Ignorance of the law isn’t an excuse so everybody must be free to acquire copies of the law to ensure they’re in compliance with it, right? Not in Georgia. In Georgia there are two sets of published laws. The first set is the freely accessible one. The other set is an annotated version copyrighted by the State of Georgia. Carl Malamud dropped over $1,000 to acquire the annotated version so he could publish it for the world to see. This made the State of Georgia very unhappy so it took the matter to court. Not surprisingly, the State’s court sided with the State:

Open-records activist Carl Malamud bought a hard copy, and it cost him $1,207.02 after shipping and taxes. A copy on CD was $1,259.41. The “good” news for Georgia residents is that they’ll only have to pay $385.94 to buy a printed set from LexisNexis.

Malamud thinks reading the law shouldn’t cost anything. So a few years back, he scanned a copy of the state of Georgia’s official laws, known as the Official Georgia Code Annotated, or OCGA. Malamud made USB drives with two copies on them, one scanned copy and another encoded in XML format. On May 30, 2013, Malamud sent the USB drives to the Georgia speaker of the House, David Ralson, and the state’s legislative counsel, as well as other prominent Georgia lawyers and policymakers.

[…]

In Georgia’s view, there were two separate works at issue: the actual text of the laws, which were available to the public, and the annotations, which were copyrighted and owned by the state. The annotated code includes things like judicial decisions related to particular sections.

[…]

Now, the case has concluded with US District Judge Richard Story having published an opinion (PDF) that sides with the state of Georgia. The judge disagreed with Malamud’s argument that the OCGA can’t be copyrighted and also said Malamud’s copying of the laws is not fair use. “The Copyright Act itself specifically lists ‘annotations’ in the works entitled to copyright protection,” writes Story. “Defendant admits that annotations in an unofficial code would be copyrightable.”

Ignorance of the law isn’t an excuse but knowing the law is only possible if you’re willing to pay a sizable fee for a copy. If that isn’t a catch-22 targeting poor individuals I don’t know what is.

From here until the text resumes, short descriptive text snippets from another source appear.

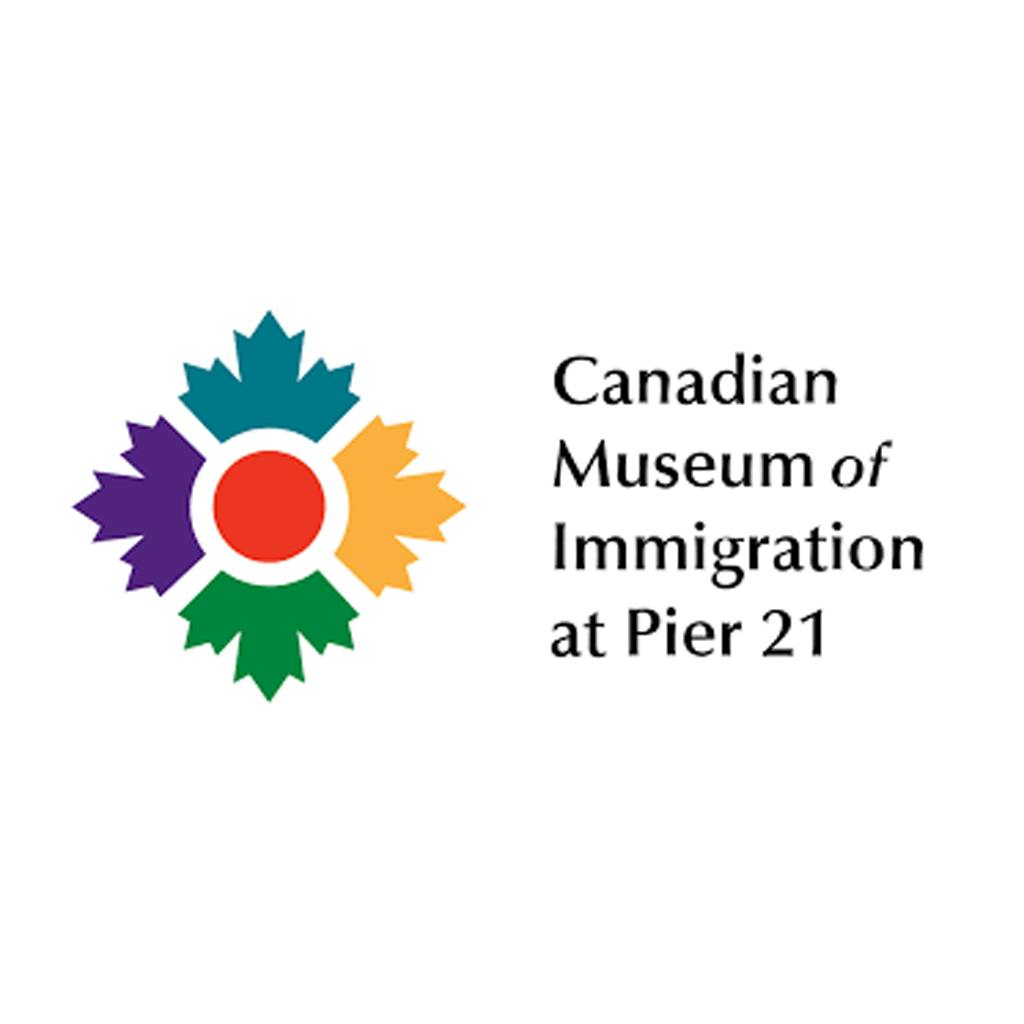 Canadian Museum of Immigration at Pier 21 Logo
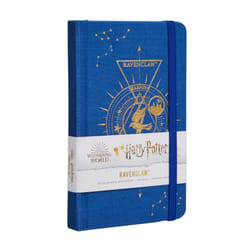 ISBN Harry Potter: Ravenclaw Constellation Ruled Pocket Journal book Art & design English Hardcover 192 pages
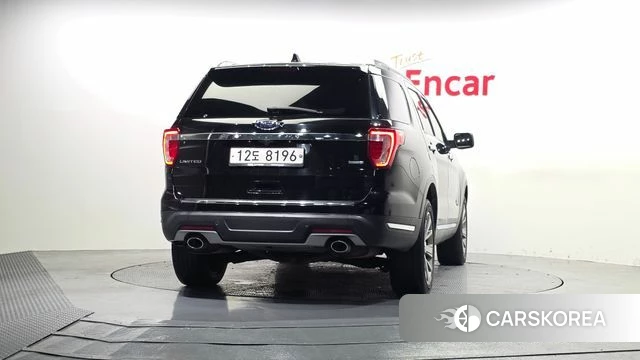 Ford Explorer id 4351299 из Кореи 14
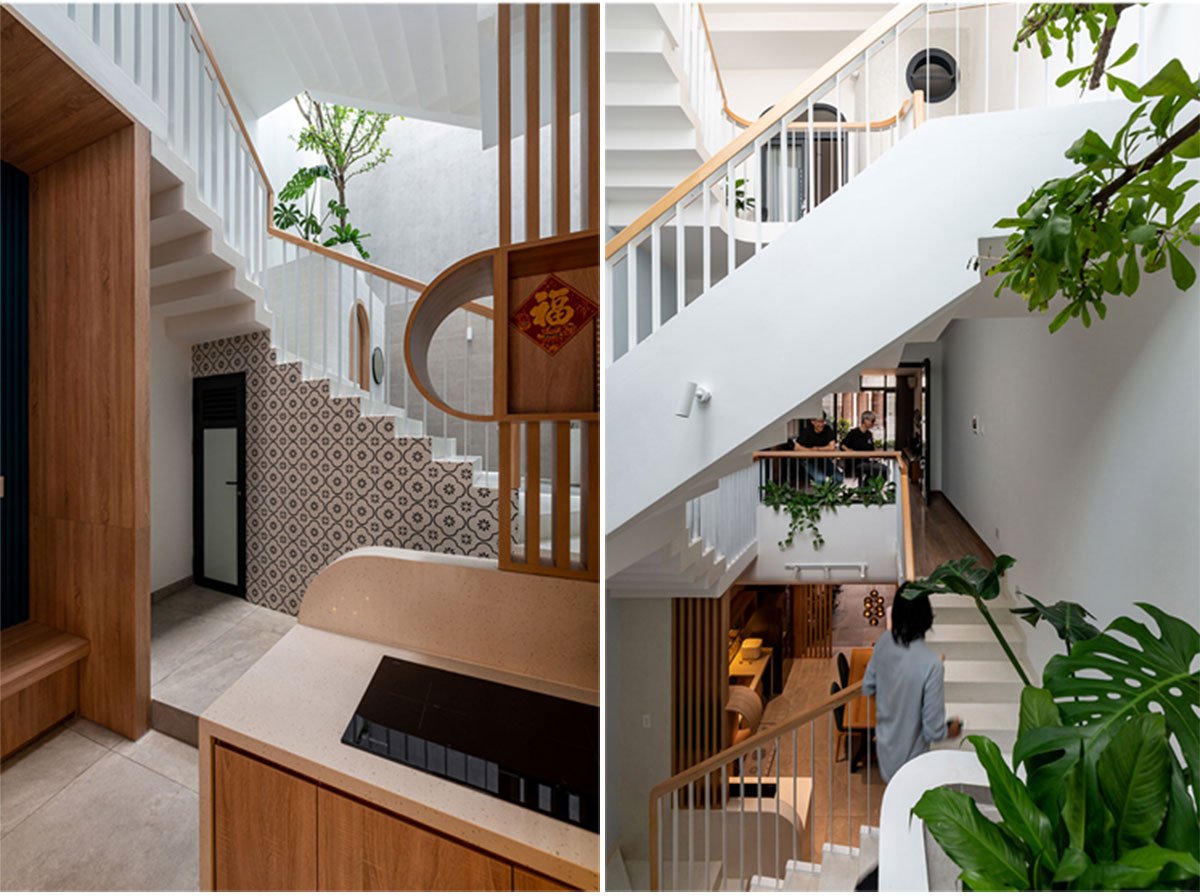 Green House | Story Architecture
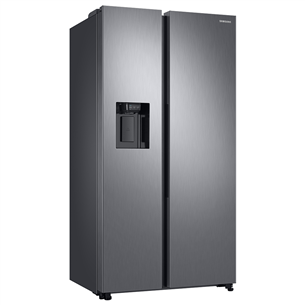 Side-by-side refrigerator Samsung (178 cm)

What makes this decision even more egregious is that the copyrighted material was funded by tax victims. The laws themselves are created by politicians who are paid with tax dollars and the annotations include things like judicial decisions, which are created in courts funded with tax dollars. Georgians are paying the State of Georgia to create these documents and then have to pay again if they want to actually read them. It’s a good example of double-dipping.

Mr. Malamud is appealing and it’ll be interesting to see where his case goes.